I'm relatively new to coffee on the sort of serious level these forums aspire to, but I am learning...

Last week I bought some Square Mile Autumn Espresso beans (from a coffee stall in Columbia Road market). My first thoughts were, this is not quite how I imagine espresso to be... then, following on, there was a sort of revelation. The coffee really does have the caramel and grapefruit flavours proclaimed on the packet, and there's a fantastic after taste. I usually drink my espresso without sugar, but this one I find works better with a bit of sweetening. Interesting stuff.

Any other thoughts on these beans?


----------



## lookseehear (Jul 16, 2010)

I've had this in Notes Music & Coffee on St Martin's lane (pop in if you haven't been, lovely place) and really enjoyed it.
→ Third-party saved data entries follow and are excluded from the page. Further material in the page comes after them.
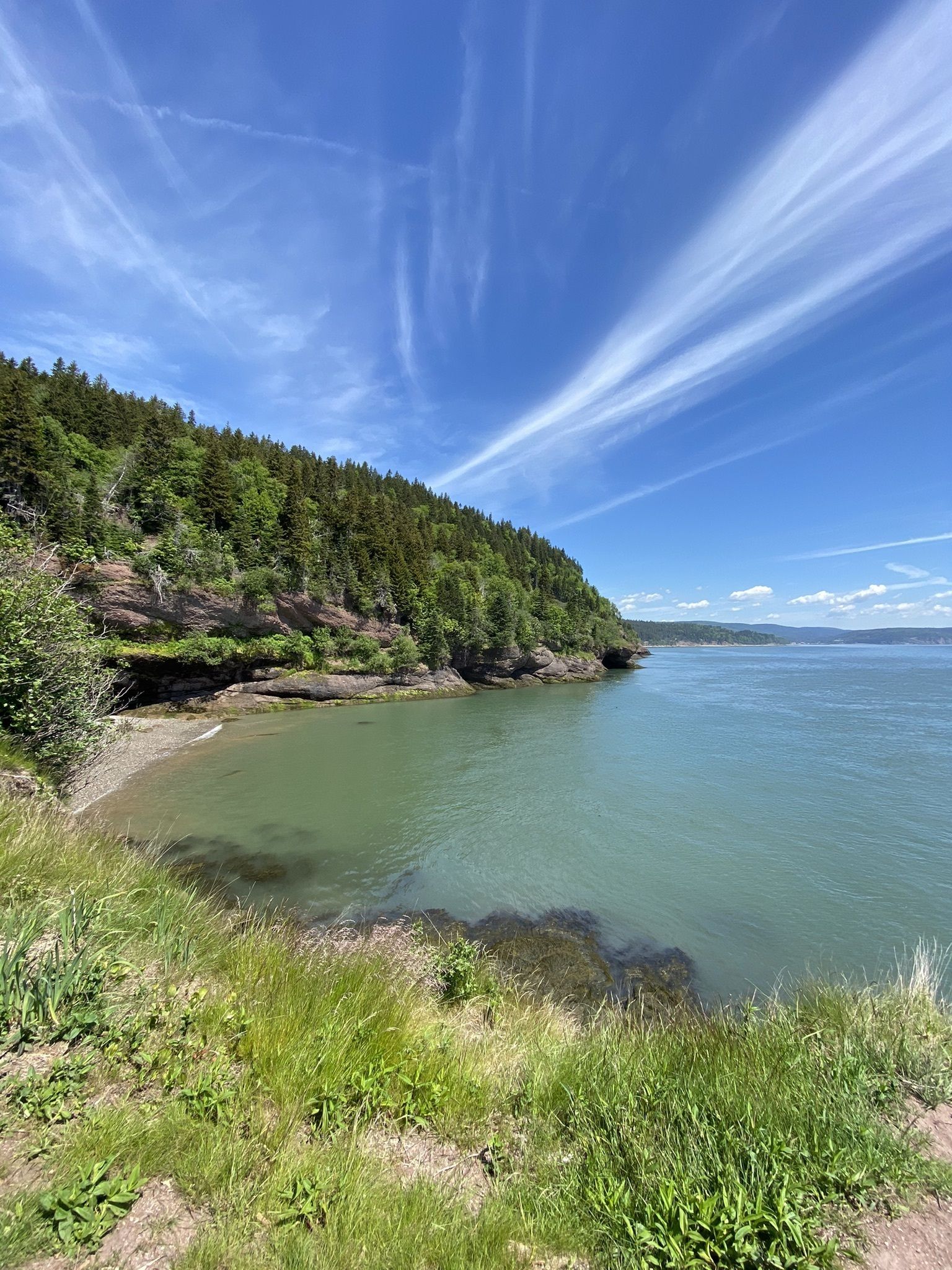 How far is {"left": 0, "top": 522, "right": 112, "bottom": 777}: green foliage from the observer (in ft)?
28.1

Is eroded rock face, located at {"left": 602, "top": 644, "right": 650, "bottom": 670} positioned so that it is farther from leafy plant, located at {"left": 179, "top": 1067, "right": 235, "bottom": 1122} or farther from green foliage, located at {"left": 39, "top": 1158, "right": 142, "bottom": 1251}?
green foliage, located at {"left": 39, "top": 1158, "right": 142, "bottom": 1251}

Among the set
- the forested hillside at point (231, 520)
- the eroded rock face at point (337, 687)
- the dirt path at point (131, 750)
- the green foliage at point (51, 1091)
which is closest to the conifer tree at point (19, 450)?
the forested hillside at point (231, 520)

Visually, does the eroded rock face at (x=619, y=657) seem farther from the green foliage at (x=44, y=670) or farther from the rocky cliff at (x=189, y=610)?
the green foliage at (x=44, y=670)

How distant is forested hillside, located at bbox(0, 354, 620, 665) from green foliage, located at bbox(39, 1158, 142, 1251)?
70.6ft

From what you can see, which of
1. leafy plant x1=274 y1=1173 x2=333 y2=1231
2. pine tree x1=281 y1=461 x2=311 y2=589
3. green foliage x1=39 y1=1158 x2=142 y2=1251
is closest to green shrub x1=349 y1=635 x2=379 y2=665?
pine tree x1=281 y1=461 x2=311 y2=589

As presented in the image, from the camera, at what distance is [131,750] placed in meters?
22.7

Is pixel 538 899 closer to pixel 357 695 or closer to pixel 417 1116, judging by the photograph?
pixel 417 1116

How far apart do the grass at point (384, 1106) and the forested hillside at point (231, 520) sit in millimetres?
20073

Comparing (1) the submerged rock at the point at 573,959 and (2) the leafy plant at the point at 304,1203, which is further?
(1) the submerged rock at the point at 573,959

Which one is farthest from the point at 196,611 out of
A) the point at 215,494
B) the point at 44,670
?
the point at 44,670

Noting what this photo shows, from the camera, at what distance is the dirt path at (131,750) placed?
47.1ft

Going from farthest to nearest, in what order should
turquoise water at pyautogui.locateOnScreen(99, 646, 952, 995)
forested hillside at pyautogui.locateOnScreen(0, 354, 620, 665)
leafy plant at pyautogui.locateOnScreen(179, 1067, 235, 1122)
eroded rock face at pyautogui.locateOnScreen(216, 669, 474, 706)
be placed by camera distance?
eroded rock face at pyautogui.locateOnScreen(216, 669, 474, 706) < forested hillside at pyautogui.locateOnScreen(0, 354, 620, 665) < turquoise water at pyautogui.locateOnScreen(99, 646, 952, 995) < leafy plant at pyautogui.locateOnScreen(179, 1067, 235, 1122)

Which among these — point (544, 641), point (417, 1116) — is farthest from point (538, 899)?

I find picking out flavours difficult in espresso, but easier in brewed coffee, perhaps it's the strength of espresso (don't get me wrong, I do love it but it can be a bit overpowering perhaps). I might give this blend a go at home at some point.


----------



## E61 (Apr 1, 2010)

I have some and very nice they are too. I have been drinking as Espresso and Cappuccino. When freshly ground it has a very fruity, almost floral aroma to it. I get some nice Toffee and Caramel flavours with it.


----------



## RoloD (Oct 13, 2010)

It's interesting comparing HasBean and Square Mile websites - HasBean just echoes with the sound of its owner's enthusiasm, whereas Square Mile is serious, almost austere in its presentation. With HasBean you feel its almost inviting you to ring up and have a chat, whereas if you wanted any dealings with Square Mile, you'd better get your secretary to book an appointment...


----------



## E61 (Apr 1, 2010)

RoloD said:


> It's interesting comparing HasBean and Square Mile websites - HasBean just echoes with the sound of its owner's enthusiasm, whereas Square Mile is serious, almost austere in its presentation. With HasBean you feel its almost inviting you to ring up and have a chat, whereas if you wanted any dealings with Square Mile, you'd better get your secretary to book an appointment...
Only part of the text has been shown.